GPT‑5.4 is OpenAI's latest frontier model released across ChatGPT (as GPT‑5.4 Thinking), the API, and Codex, designed for professional work with enhanced capability and efficiency. GPT‑5.4 Pro is also available for users needing maximum performance on complex tasks. This model integrates recent advances in reasoning, coding, and agentic workflows, combining the coding strengths of GPT‑5.3‑Codex with improved handling of tools, software environments, and professional tasks like spreadsheets, presentations, and documents. It delivers accurate, effective, and efficient results with less back-and-forth interaction.
Key Features and Improvements
ChatGPT Enhancements: GPT‑5.4 Thinking provides an upfront plan of its reasoning, allowing users to adjust the course mid-response for more aligned final outputs without extra turns. It improves deep web research for highly specific queries and maintains better context for longer, complex questions, resulting in faster, higher-quality, and more relevant answers.
Codex and API Capabilities: GPT‑5.4 is the first general-purpose model with native, state-of-the-art computer-use abilities, enabling agents to operate computers and manage complex workflows across applications. It supports up to 1 million tokens of context, allowing long-horizon task planning, execution, and verification. The model improves tool ecosystem interactions with tool search functionality, enhancing efficiency without losing intelligence. It is also the most token-efficient reasoning model to date, using fewer tokens than GPT‑5.2, which reduces token usage and speeds up processing.
Performance Benchmarks
| Benchmark | GPT-5.4 | GPT-5.3-Codex | GPT-5.2 |
|---|---|---|---|
| GDPval (wins/ties) | 83.0% | 70.9% | 70.9% |
| SWE-Bench Pro | 57.7% | 56.8% | 55.6% |
| OSWorld-Verified | 75.0% | 74.0%* | 47.3% |
| Toolathlon | 54.6% | 51.9% | 46.3% |
| BrowseComp | 82.7% | 77.3% | 65.8% |
*GPT‑5.3‑Codex’s OSWorld-Verified score improved due to a new API parameter preserving image resolution.
Knowledge Work
GPT‑5.4 builds on GPT‑5.2’s reasoning with more consistent and polished results across real-world professional tasks. On GDPval, which tests knowledge work across 44 occupations from top U.S. industries, GPT‑5.4 matches or exceeds industry professionals in 83.0% of comparisons versus 70.9% for GPT‑5.2. It excels in creating and editing spreadsheets, presentations, and documents:
- Spreadsheet modeling tasks scored 87.3% vs. 68.4% for GPT‑5.2.

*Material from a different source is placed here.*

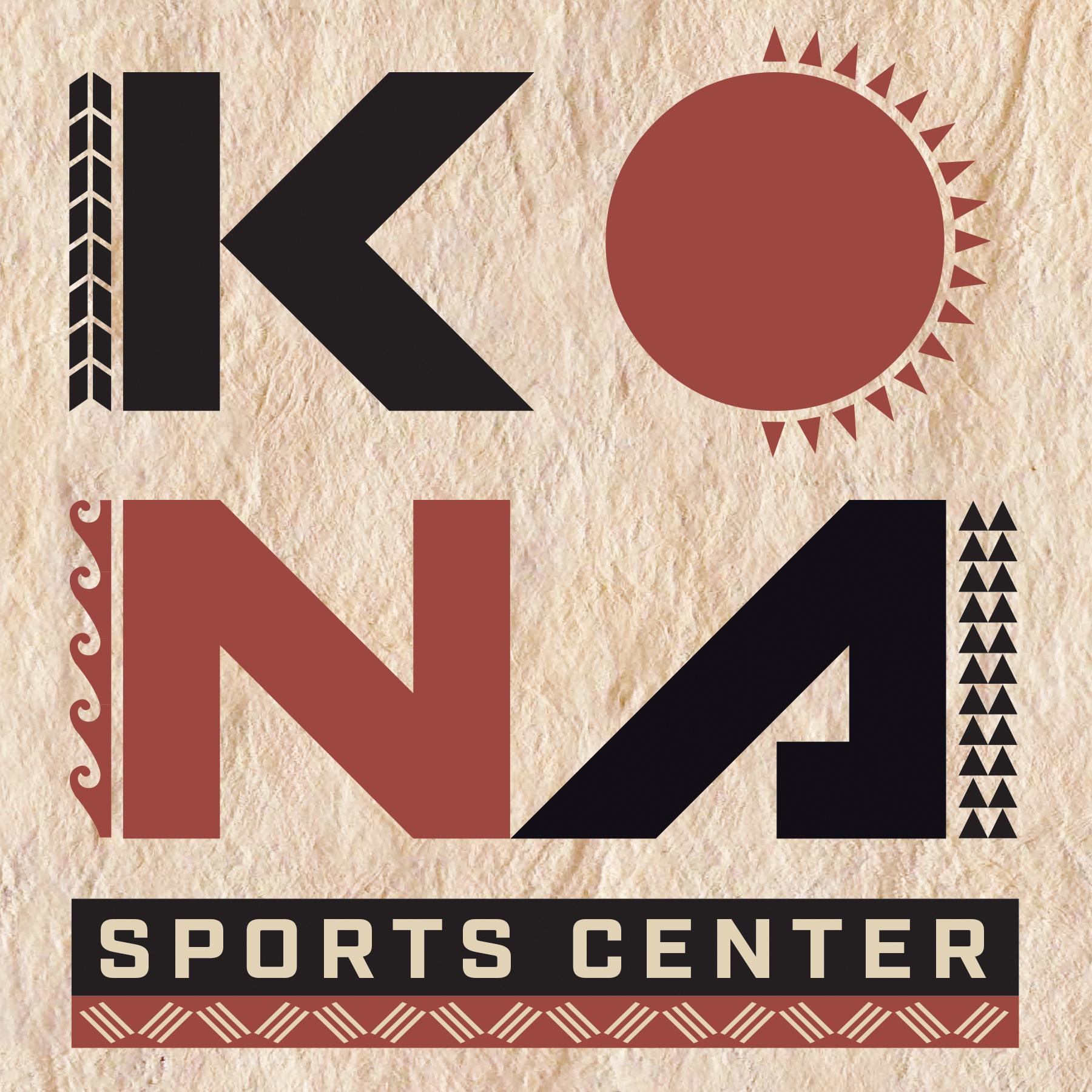 Kona Sports Center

- Human raters preferred GPT‑5.4-generated presentations 68% of the time for aesthetics, visual variety, and image generation.

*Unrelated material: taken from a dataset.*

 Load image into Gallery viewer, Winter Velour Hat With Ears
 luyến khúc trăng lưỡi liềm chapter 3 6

- GPT‑5.4 reduces hallucinations and factual errors: individual claims are 33% less likely to be false, and full responses are 18% less likely to contain errors compared to GPT‑5.2.
Computer Use and Vision
GPT‑5.4 is the first general-purpose model with native computer-use capabilities, excelling at operating computers through code (e.g., Playwright) and UI interactions via mouse and keyboard commands from screenshots. It is steerable via developer messages and configurable for safety levels.
- Achieves 75.0% success on OSWorld-Verified (desktop navigation), surpassing GPT‑5.2’s 47.3% and human performance at 72.4%.

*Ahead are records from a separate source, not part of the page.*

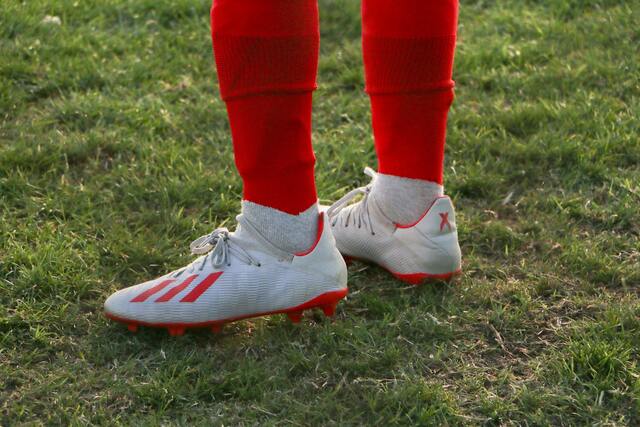 kickball cleats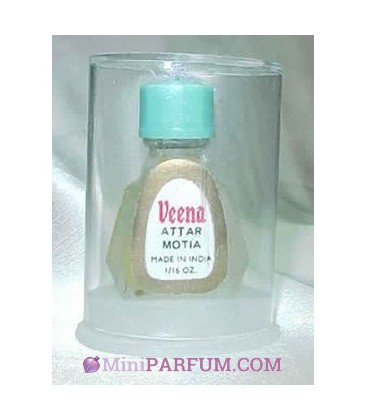 Attar Motia
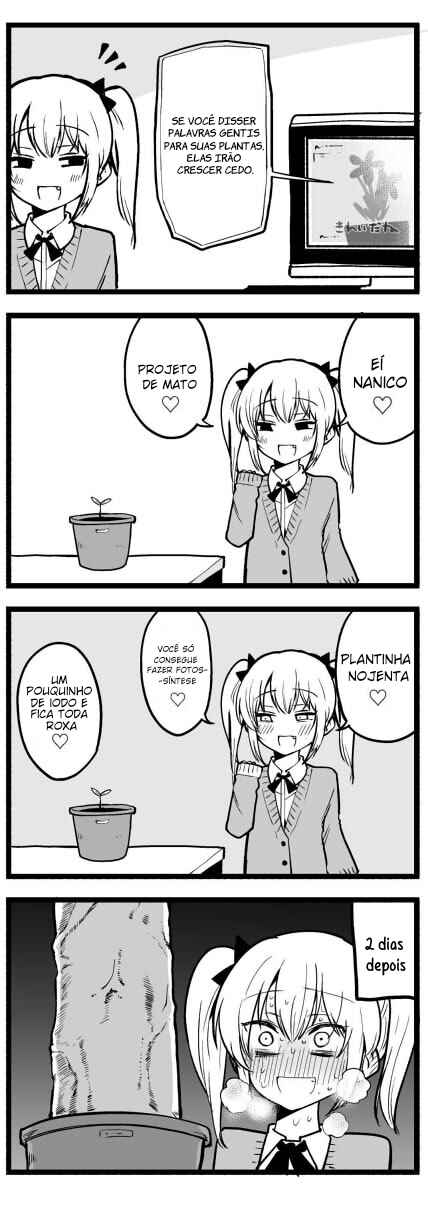 Kind Words Chapter ? - Page 1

- Leads browser use benchmarks with 67.3% success on WebArena-Verified and 92.8% on Online-Mind2Web.
- Improved visual perception: 81.2% success on MMMU-Pro (visual understanding) and better document parsing with a lower error rate on OmniDocBench.
- Supports high-fidelity image inputs up to 10.24 million pixels, enhancing localization, understanding, and click accuracy.
Coding
GPT‑5.4 combines GPT‑5.3‑Codex’s coding strengths with enhanced knowledge work and computer-use capabilities, excelling in longer, tool-assisted tasks with less manual intervention. It matches or outperforms GPT‑5.3‑Codex on SWE-Bench Pro with lower latency.
- /fast mode delivers up to 1.5x faster token velocity without sacrificing intelligence.
- Excels at complex frontend tasks with more aesthetic and functional results.
- Introduces “Playwright (Interactive),” an experimental Codex skill for visually debugging and testing web and Electron apps during development.
Demonstration Example
A theme park simulation game was created using GPT‑5.4 with Playwright Interactive and image generation. The game features tile-based path placement, ride and scenery construction, guest pathfinding, queueing, and ride cycles. Metrics like money, guest count, happiness, cleanliness, and rating dynamically respond to park layout and guest behavior. Playwright automated browser playtests verified smooth navigation, guest reactions, and UI stability over multiple rounds of play.
GPT‑5.4 represents a significant advance in professional AI capabilities, combining improved reasoning, coding, computer use, and visual perception to deliver faster, more accurate, and contextually aware outputs across a wide range of real-world tasks.